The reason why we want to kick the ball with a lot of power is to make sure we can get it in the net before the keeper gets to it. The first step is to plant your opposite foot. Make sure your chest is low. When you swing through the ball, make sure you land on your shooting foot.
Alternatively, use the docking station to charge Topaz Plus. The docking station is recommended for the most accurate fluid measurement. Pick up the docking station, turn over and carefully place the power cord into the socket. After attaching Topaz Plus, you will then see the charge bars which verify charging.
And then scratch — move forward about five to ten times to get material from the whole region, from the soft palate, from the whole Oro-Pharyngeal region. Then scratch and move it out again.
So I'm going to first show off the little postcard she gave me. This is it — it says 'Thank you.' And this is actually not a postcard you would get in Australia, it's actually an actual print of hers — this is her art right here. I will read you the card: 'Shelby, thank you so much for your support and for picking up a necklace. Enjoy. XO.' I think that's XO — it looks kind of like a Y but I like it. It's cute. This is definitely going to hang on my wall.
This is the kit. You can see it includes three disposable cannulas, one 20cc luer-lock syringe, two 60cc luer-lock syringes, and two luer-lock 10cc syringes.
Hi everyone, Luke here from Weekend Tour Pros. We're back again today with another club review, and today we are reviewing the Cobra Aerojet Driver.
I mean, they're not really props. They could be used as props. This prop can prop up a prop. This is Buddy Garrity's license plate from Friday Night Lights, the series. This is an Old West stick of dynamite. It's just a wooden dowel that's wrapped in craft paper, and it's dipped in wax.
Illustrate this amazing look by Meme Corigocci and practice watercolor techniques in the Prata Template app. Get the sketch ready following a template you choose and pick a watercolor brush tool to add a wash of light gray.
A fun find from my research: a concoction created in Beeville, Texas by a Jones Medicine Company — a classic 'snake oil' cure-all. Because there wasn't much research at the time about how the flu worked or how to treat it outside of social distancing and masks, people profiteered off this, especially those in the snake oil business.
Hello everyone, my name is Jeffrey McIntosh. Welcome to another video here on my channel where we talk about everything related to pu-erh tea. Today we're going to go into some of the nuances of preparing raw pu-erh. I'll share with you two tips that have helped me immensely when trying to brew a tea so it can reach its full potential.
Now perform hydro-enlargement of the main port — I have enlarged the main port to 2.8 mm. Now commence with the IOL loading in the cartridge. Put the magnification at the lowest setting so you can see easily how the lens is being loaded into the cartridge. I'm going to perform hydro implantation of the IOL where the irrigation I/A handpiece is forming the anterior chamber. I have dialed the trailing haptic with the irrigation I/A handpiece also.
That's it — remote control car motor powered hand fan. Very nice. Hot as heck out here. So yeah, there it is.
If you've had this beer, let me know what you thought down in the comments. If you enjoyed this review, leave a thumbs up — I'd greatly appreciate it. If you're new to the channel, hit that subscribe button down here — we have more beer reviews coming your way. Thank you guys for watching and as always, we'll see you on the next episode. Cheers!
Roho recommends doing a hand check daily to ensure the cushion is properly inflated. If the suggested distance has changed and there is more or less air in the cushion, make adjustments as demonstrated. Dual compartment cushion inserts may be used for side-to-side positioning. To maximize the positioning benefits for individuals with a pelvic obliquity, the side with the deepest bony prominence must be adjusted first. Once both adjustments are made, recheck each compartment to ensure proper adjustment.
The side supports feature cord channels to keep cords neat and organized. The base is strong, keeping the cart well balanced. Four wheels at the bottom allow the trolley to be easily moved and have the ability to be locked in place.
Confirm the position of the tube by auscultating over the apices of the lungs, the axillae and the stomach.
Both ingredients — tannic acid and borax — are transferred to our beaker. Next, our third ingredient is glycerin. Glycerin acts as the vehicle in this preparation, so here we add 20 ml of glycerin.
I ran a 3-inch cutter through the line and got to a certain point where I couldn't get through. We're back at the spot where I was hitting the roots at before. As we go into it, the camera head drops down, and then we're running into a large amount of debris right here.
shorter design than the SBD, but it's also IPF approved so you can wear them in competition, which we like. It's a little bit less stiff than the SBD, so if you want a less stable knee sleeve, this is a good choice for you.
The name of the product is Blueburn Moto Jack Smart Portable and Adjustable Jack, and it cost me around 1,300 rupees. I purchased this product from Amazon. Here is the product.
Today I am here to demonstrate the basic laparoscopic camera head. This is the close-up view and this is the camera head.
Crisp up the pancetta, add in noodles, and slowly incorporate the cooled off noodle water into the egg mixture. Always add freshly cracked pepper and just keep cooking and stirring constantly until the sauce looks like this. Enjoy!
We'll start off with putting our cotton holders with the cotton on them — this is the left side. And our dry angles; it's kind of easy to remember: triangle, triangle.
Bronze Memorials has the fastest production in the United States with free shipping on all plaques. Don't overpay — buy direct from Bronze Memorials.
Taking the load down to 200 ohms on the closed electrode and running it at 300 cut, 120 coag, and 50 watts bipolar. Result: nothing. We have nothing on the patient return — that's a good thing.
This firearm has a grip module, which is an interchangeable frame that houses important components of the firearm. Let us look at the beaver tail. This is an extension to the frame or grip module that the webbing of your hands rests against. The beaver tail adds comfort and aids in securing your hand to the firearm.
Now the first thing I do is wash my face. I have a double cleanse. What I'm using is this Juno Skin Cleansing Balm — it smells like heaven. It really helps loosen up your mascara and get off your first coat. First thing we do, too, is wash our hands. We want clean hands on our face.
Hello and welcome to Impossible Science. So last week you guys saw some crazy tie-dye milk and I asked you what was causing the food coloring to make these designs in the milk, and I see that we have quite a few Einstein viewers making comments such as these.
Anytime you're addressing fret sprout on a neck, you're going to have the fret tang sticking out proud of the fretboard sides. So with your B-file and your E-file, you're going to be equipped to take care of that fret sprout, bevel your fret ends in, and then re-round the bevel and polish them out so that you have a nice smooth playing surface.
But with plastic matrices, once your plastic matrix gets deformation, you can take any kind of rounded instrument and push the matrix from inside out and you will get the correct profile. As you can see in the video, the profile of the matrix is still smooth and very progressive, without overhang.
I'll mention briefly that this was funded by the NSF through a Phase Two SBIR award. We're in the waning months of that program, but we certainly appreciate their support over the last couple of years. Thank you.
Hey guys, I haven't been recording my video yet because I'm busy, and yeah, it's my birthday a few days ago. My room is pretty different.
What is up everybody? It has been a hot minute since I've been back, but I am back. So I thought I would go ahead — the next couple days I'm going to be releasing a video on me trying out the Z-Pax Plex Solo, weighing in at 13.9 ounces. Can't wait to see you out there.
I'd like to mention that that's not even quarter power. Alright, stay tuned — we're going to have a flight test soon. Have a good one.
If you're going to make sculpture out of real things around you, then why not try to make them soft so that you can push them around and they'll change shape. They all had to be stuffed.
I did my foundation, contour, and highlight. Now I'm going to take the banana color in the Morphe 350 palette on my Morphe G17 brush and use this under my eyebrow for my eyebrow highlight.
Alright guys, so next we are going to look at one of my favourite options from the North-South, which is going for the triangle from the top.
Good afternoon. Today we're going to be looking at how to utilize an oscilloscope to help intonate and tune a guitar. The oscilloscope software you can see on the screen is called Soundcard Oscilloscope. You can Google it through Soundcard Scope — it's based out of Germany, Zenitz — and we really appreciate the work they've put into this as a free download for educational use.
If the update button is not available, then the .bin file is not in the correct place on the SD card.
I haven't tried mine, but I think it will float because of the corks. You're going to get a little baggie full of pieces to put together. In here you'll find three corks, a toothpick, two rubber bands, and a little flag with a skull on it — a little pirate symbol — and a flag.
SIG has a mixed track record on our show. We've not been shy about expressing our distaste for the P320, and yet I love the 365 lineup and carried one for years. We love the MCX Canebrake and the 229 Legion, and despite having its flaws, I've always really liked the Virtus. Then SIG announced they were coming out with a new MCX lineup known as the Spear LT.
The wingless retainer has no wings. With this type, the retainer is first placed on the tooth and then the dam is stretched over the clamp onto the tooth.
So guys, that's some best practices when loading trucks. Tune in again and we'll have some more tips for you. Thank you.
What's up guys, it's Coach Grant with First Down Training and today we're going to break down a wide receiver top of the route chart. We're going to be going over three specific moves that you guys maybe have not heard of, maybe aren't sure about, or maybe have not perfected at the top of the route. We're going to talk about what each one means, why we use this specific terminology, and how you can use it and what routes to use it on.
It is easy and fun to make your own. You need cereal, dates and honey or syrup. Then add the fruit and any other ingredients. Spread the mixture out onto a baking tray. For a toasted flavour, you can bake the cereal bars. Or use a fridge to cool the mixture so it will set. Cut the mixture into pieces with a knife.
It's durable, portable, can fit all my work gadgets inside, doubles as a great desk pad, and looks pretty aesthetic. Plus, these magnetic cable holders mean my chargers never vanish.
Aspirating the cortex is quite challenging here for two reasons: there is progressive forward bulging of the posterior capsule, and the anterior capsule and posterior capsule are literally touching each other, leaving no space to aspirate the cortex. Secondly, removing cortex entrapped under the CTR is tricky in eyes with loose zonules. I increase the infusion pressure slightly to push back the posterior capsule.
-- -- --
All lines from the top of the data through the line containing "Alternatively, use the" need to be retyped exactly, and nothing more.

The reason why we want to kick the ball with a lot of power is to make sure we can get it in the net before the keeper gets to it. The first step is to plant your opposite foot. Make sure your chest is low. When you swing through the ball, make sure you land on your shooting foot.
Alternatively, use the docking station to charge Topaz Plus. The docking station is recommended for the most accurate fluid measurement. Pick up the docking station, turn over and carefully place the power cord into the socket. After attaching Topaz Plus, you will then see the charge bars which verify charging.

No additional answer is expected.